----- GIVEN ENTRIES
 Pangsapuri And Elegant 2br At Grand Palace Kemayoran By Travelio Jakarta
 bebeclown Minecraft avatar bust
----------
----- GIVEN ENTRIES
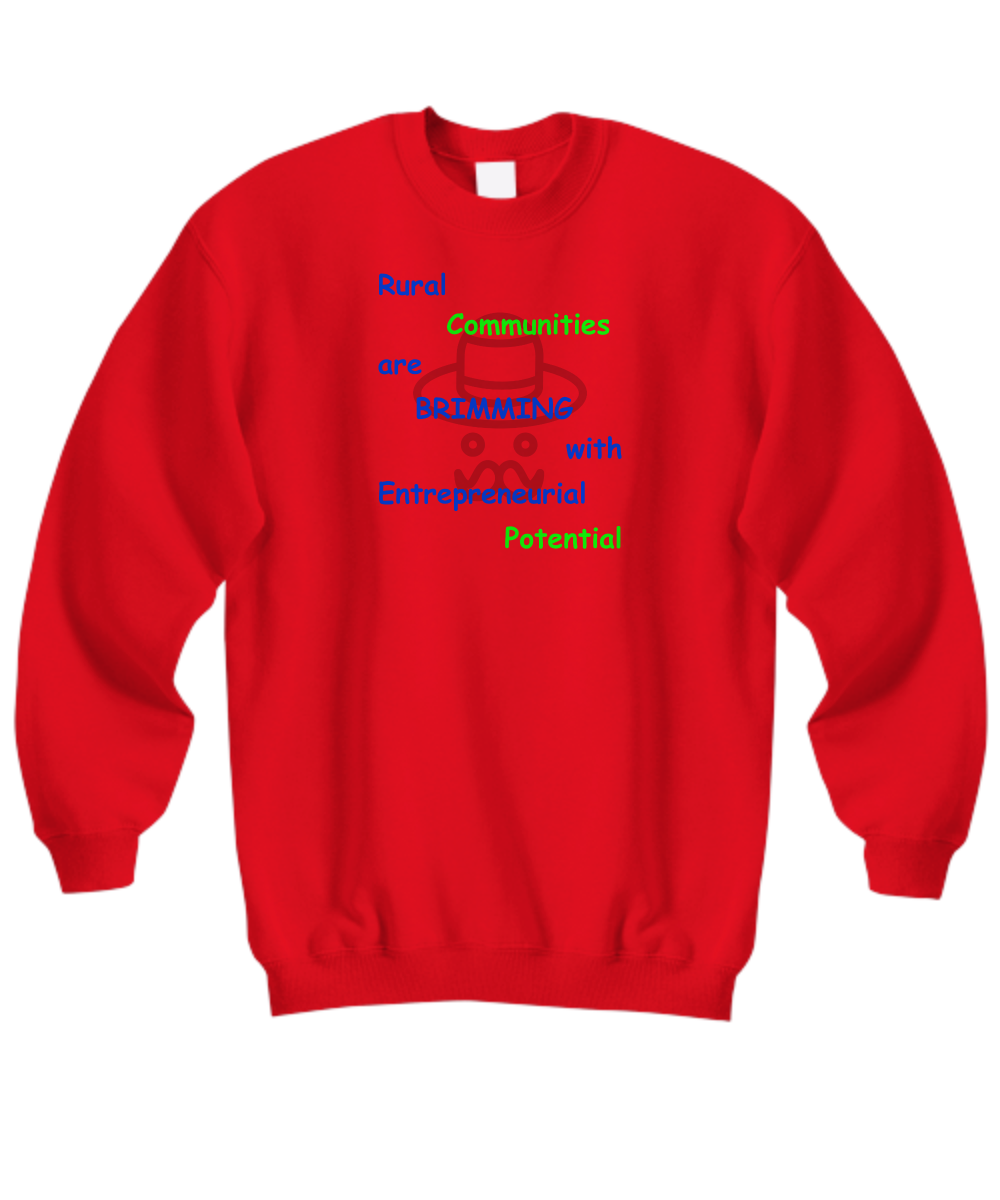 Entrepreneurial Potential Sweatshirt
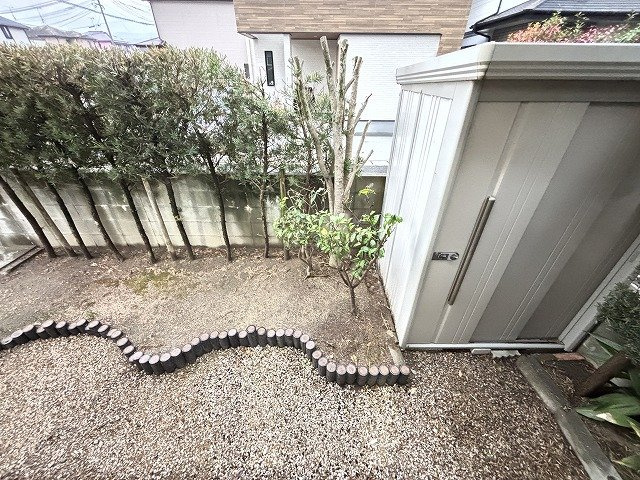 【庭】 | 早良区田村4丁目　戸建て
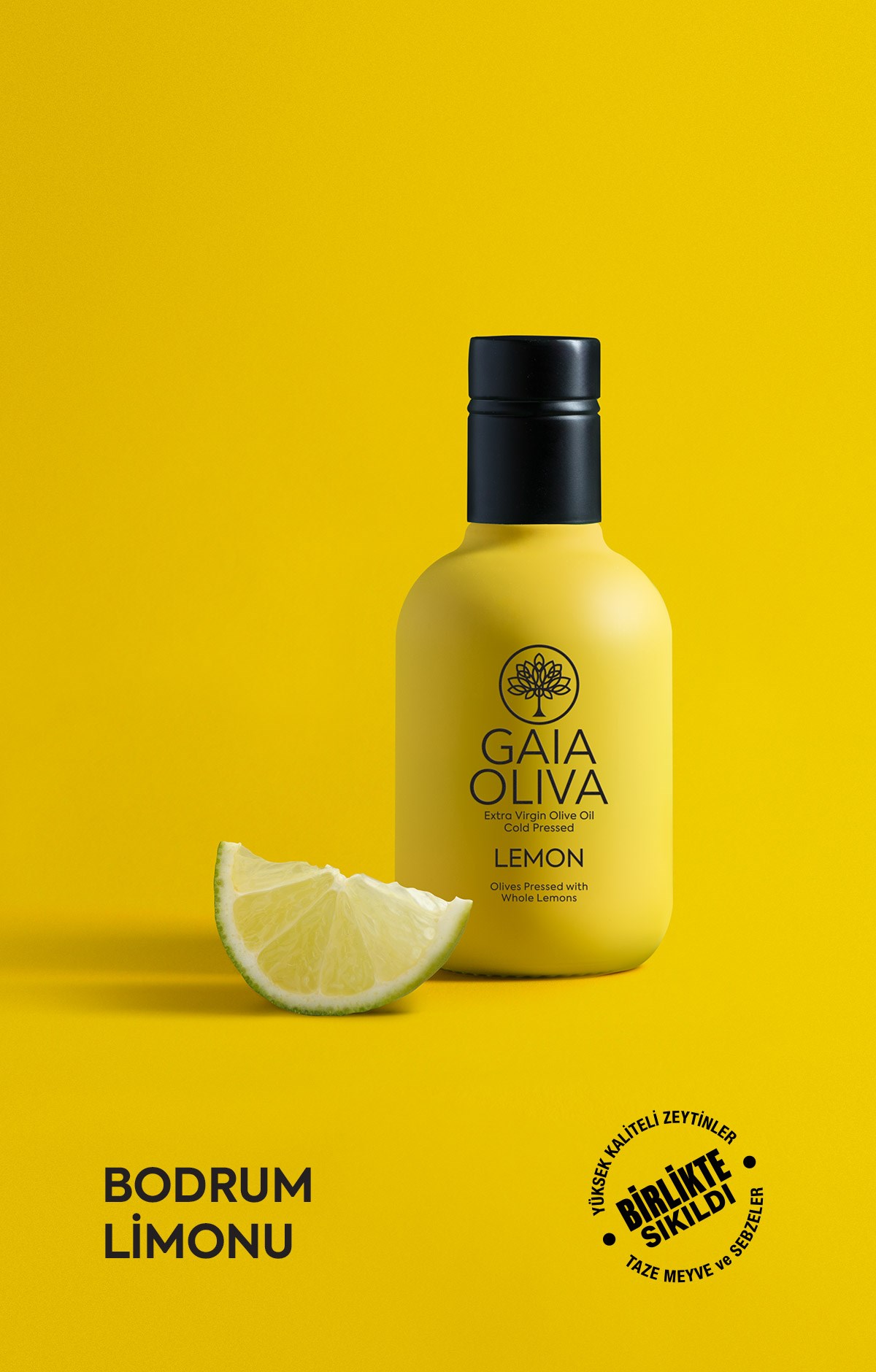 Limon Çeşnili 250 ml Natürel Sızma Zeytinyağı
----------
TASK STATEMENT >> Your copy should hold only the lines above from the one containing "Entrepreneurial Potential Sweatshirt" through the one containing "Limon Çeşnili 250", exactly as written and free of pictures.

ANSWER BOX >>
 Entrepreneurial Potential Sweatshirt
 【庭】 | 早良区田村4丁目　戸建て
 Limon Çeşnili 250 ml Natürel Sızma Zeytinyağı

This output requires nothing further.